Sharpening methods and mediums available to wood working are extraordinary diverse. Powders, waterstones, ceramic stones, diamond stones, sand papers, micro sand papers, lapping compounds, pastes and on and on and on..geesh. It can get confusing. Funny enough though is that every single one of the aforementioned mediums can achieve spectacular results if care is taken. I've tried alot of different mediums and for now at least, have settled with sandpaper and the scary sharp method. I use Norton 3X paper up to 400 grit. From there, I take a leap and go with micro abrasive sandpaper. 40micron down to .3 micron which is somewhere around 15-20,000 grint depending on who's chart your reading. While the 1 and .3 micron paper makes a huge difference in the sub atomic, micro nuclear, holy crap is that sharp scale. Most wood workers wouldn't probably notice the difference if you stopped at 15 microns. :surprise: When working on knarly, extremely hard or highly figured woods, sharper is definitely better. When your hollowing out that mortise, good and sharp is just fine. 
One of these days, I'm gonna get a couple nice fine/super fine diamond stones for touch up. There is where I think these stones would shine....

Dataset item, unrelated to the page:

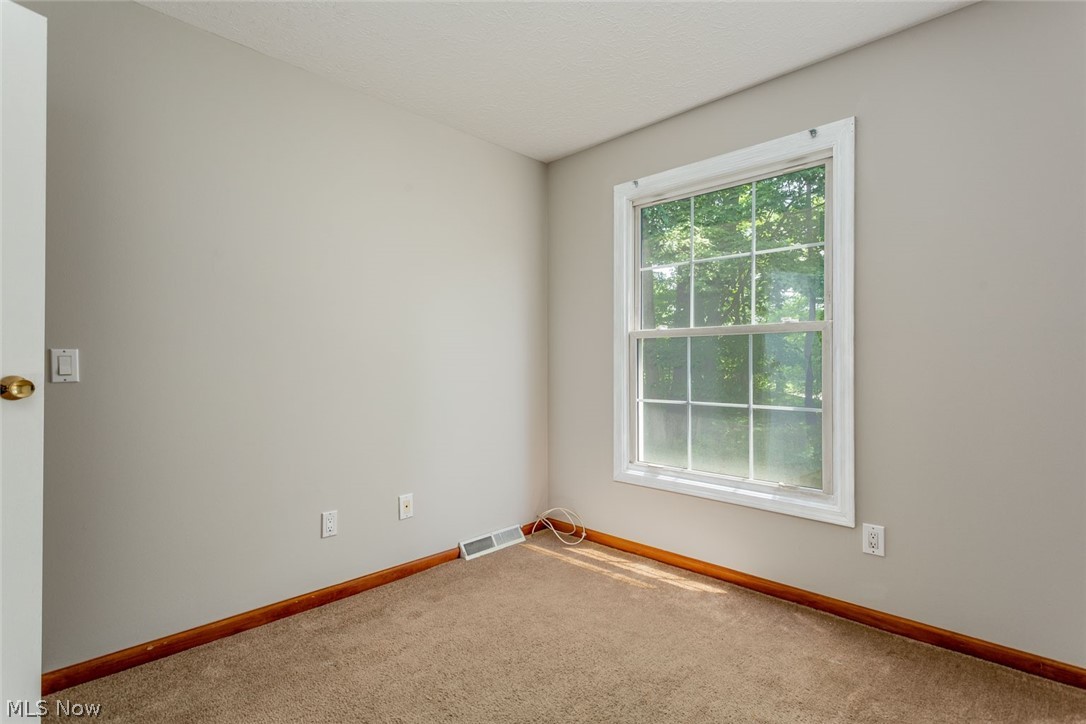 Ivy Hill Aurora Shores Condo - Residential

Once a year or so, I'll get a bug up my butt and spend the day "touching up all of my blades and irons". By the end of the day, my left arm has these big bald spots and I got scratches that look like I went toe to toe with a nasty rose bush...:wink:

https://www.toolsforworkingwood.com...cro_Abrasive_Film__for_Scary_Sharpening_-_PSA


----------



## DaninVan (Jan 1, 2012)

" I loaned my belt sander..."
-Jim
Uh, oh.


----------



## DesertRatTom (Jul 3, 2012)

I use mostly fine diamond stones these days and retired all my so-so quality steel chisels and blades. Touch up after use, depending on how much I did with the blades or irons. Flatten the back a little further up than some, about half an inch, and polish til I get a mirror on the back. Do it once right and you won't have to flatten it again.

I have a couple of chisels that get very rough use, and I've had to use coarse (80 or 120 grit to get rid of the nicks. If I grind the dings out of the blade, I use an angle guide to line it up correctly. For touchups, I often hand hold the blade on a diamond stone with a light lubricant. I use the arm hair test to check my results. 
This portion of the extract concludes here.